Despite their similarities, there is an enormous difference between Peggy Sue Got Married and Back to the Future – whereas Back to the Future came with a clever, snappy plot driven by sharp twists and filled with witty cultural asides, Peggy Sue Got Married only wallows in nostalgia. All its fantasy is is the maudlin one of a middle-aged housewife sorting out her failed marriage. Here Francis Ford Coppola even fails to allow Kathleen Turner to rearrange her own life, merely ending with her banally settling for the same old life all over again.
Kathleen Turner comes close to pulling it all together with her sly, natural ability with humour, even if she never for a moment succeeds in convincing us she is a teenager. The film is handicapped by Nicholas Cage (Coppola’s cousin) in Silly Performance mode, where Coppola allows him to play in a ridiculous hoarse voice the whole way through.
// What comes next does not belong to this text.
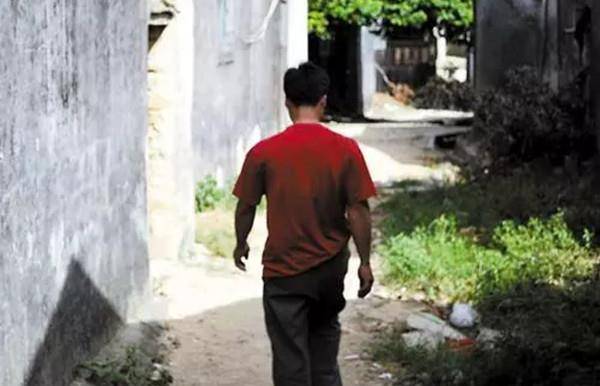 从木匠到黑帮巨头,众叛亲离被处死刑_张畏_李志毅_温岭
Cage clearly has a good deal of natural charisma and energy but it is the distracting silliness of the voice that does him in – he is like a teenager whose voice is dropping. (In her recent autobiography, Kathleen Turner amusingly claimed that much of this was done by the young Cage to publicly defy Coppola and show people he was not under his uncle’s wing, although Cage issued vigorous denials of this claim).
Peggy Sue Got Married was later uncreditedly remade as the French Camille Rewinds (2012), directed by and starring Noemie Lvovsky.
Francis Ford Coppola’s other films of genre interest are:– the re-edited Russian sf film Battle Beyond the Sun (1963); the psycho-thriller Dementia 13/The Haunted and the Hunted (1963); the leprechaun musical Finian’s Rainbow (1968); Bram Stoker’s Dracula (1992); Youth Without Youth (2007) about a man who miraculously regains his youth; the ghost story/vampire film Twixt (2011); and the epic SF film Megalopolis (2024). Coppola has also produced work within the genre from George Lucas’s debut feature THX 1138 (1971), the alien visitor tv movie The People (1972), the ghost story Haunted (1995), the tv mini-series White Dwarf (1995) set on an alien world, Andrei Konchalovski’s epic mini-series version of The Odyssey (1997), the X Files ripoff tv series First Wave (1998), the Hawaiian supernatural revenge film Lanai-Loa: The Resurrection (1998), Agnieszka Holland’s Catholicism and miracles drama The Third Miracle (1999), Victor Salva’s Jeepers Creepers (2001) and Jeepers Creepers II (2003), and the eccentric Hal Hartley monster movie No Such Thing (2001).